While the gallente ships may seem like a crossover from Amarr to Caldari (Hybrid weapons & Armor tanking), don’t let that fool you. The Gallente ships hull hitpoints are best in field. When encountering Gallente ships, remember that once you get through their armor repair bonuses you’ll have another +35% hitpoints to chew through making it a seemingly weaker armor tanker, but with more of a structure buffer than amarr ships sports. You’d be foolish to think that once youre in structure, the battle is over. With a single Damage Control, those 35% aren’t that easily beatable. Many capsuleers have fallen pray to the bait that is a weakly tanked ship, only to find that once they commit to the fight, a fleet is in warp to the position. For this reason, the Ares is considered an extremely durable fleet interceptor and one of the best at doing what they are bonused for; tackling. In that role the high slots are used for self defense (vs drones/missile spewing), prop module, tackle and utility in mids and DC2 + speed modules in the lows.

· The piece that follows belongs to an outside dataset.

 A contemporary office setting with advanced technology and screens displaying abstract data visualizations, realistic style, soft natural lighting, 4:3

Amarr usually has great armor defenses, and is a great starting point for pilots while sometimes lacking the utility slots that makes them viable for PVP and tackling. Locked to 1-2 types of damage they often are pitched into specific damage dealing roles. Some pilots make it work by fitting projectile turrets, while others turn to missiles or drones to bring in versatility in damage application. While other races has bonuses to more versatile weapon systems and slot layouts, the amarr has an ace in the form of the awesome Curse Recon Cruiser. A force multiplier in PVP. Cross trained into Minmatar you’ll be able to fly the Blood Raider ships that feasts on this type of warfare. The Bhaalgorn is one of the only subcapital ships that can turn the tide in a capital fight or break logistics energy transfer chains.

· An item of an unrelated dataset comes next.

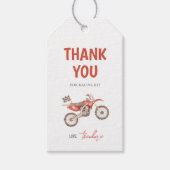 Étiquette de cadeau d'anniversaire de moto en terr (Devant)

Caldari is the counterpart to Armor tankers, sporting lots of shield tanked ships and a versatile resistance aspect ratio. Theyre easily passively or actively tanked. The Drake being the most prominent PVE ships around due to high shield recharge, resistances and versatile missile system. While theyre often used in PVP as well for the ECM bonuses on the Falcon, the main purpose to train into caldari is for the Tengu Tactical Cruiser with its beastly shield tank. For boring PVE though, look no further.

Minmatar is different from the other ships due to their optimal slot loadout, innate speed bonuses and ability to utilize either shield or armor tanking as principle in PVE or PVP. While PVP fits usually sports buffer tanks, since the nature of the minmatar weapon systems are projectile with a high alpha (per shot/volley damage) people tend to increase the alpha and turn to either shield tanking for the PVE or either plated fits or speed tanking for PVP, for more utility. This makes the Minmatar exceedingly hard to compete with in 1-vs-1’s unless you encounter fleet fits (specialized role) without a support fleet. The Rifter quickly became the prime choice for entry level pvp due to the slot layout that supported the holy tackly trinity (point/web/prop).

Pirate Factions

Cross training opens up new possibilities for capsuleers, as they qualify in other racial ships you also unlock ships that require both of the skills trained up. Often the Pirate Faction ships comes with aweinspiring bonuses and slot layouts that makes everything seem that much easier, while coming at an excuberant cost. A Faction frigate starts at 20 mill and are often fitted for +100 mill, which makes the 250k ISK you pay for a Rifter hull seem … well … cheap. The cost benefit ratio is apparent though, but to learn PVP youre better off starting in a cheap ship. That way you won’t be surprised when you lose a ship worth +100 mill.